● **DATASET SECTION**:
----

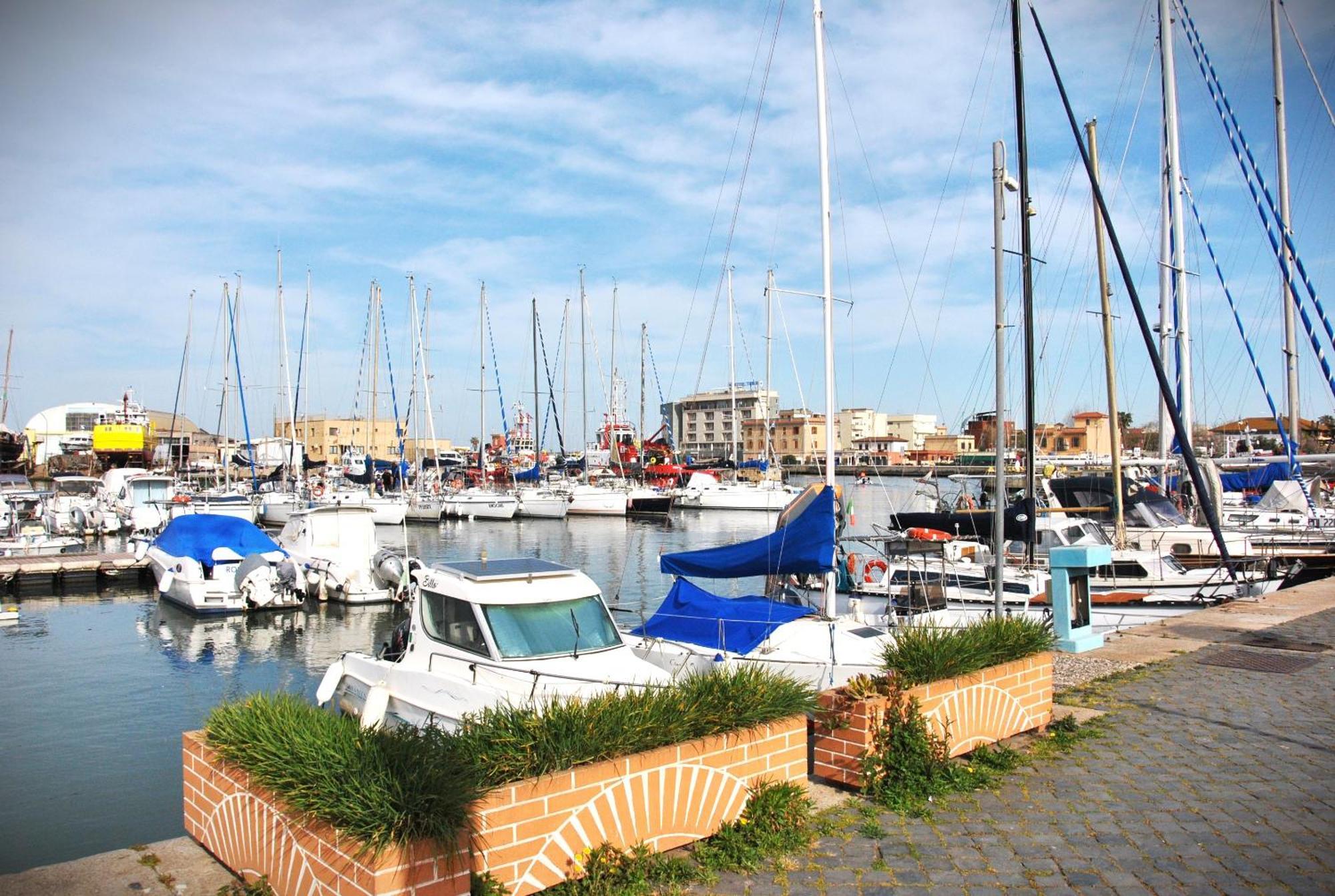 Alloggio Di Giorgia Fiumicino Bagian luar foto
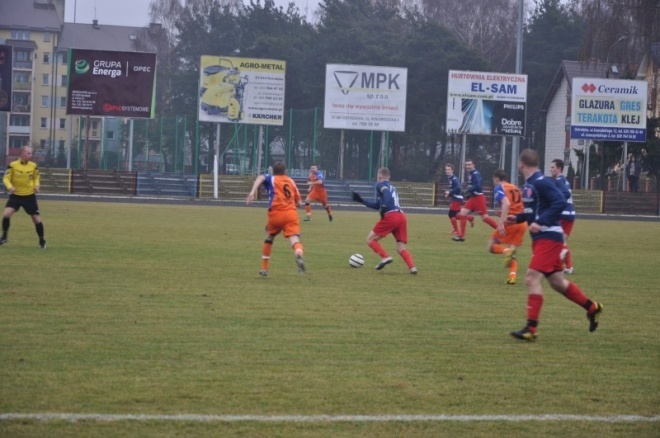 Narew Ostrołęka - Ursus Warszawa 0:3 (20.11.2011) - zdjęcie #18 - eOstroleka.pl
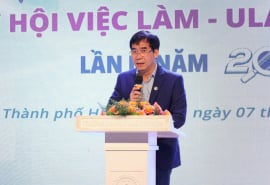Sinh viên tiếp cận hàng trăm cơ hội việc làm tại Ngày hội Ulaw Career A Day 2025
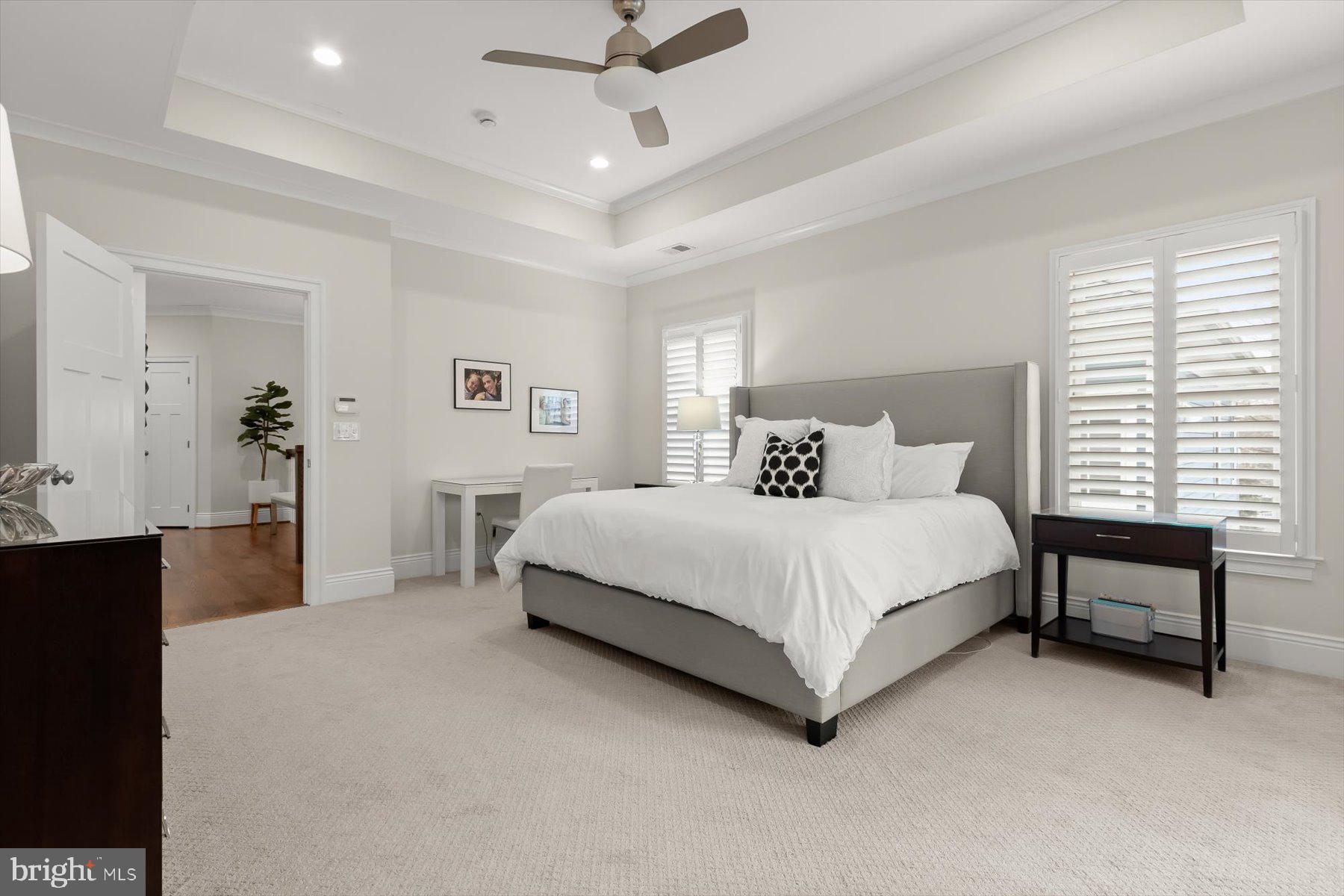 GROVE AVENUE - Residential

----

● **WHAT TO WORK ON**:
Output the listing exactly, without images.

● **ANSWER TO THIS TASK**:
 Alloggio Di Giorgia Fiumicino Bagian luar foto
 Narew Ostrołęka - Ursus Warszawa 0:3 (20.11.2011) - zdjęcie #18 - eOstroleka.pl
Sinh viên tiếp cận hàng trăm cơ hội việc làm tại Ngày hội Ulaw Career A Day 2025
 GROVE AVENUE - Residential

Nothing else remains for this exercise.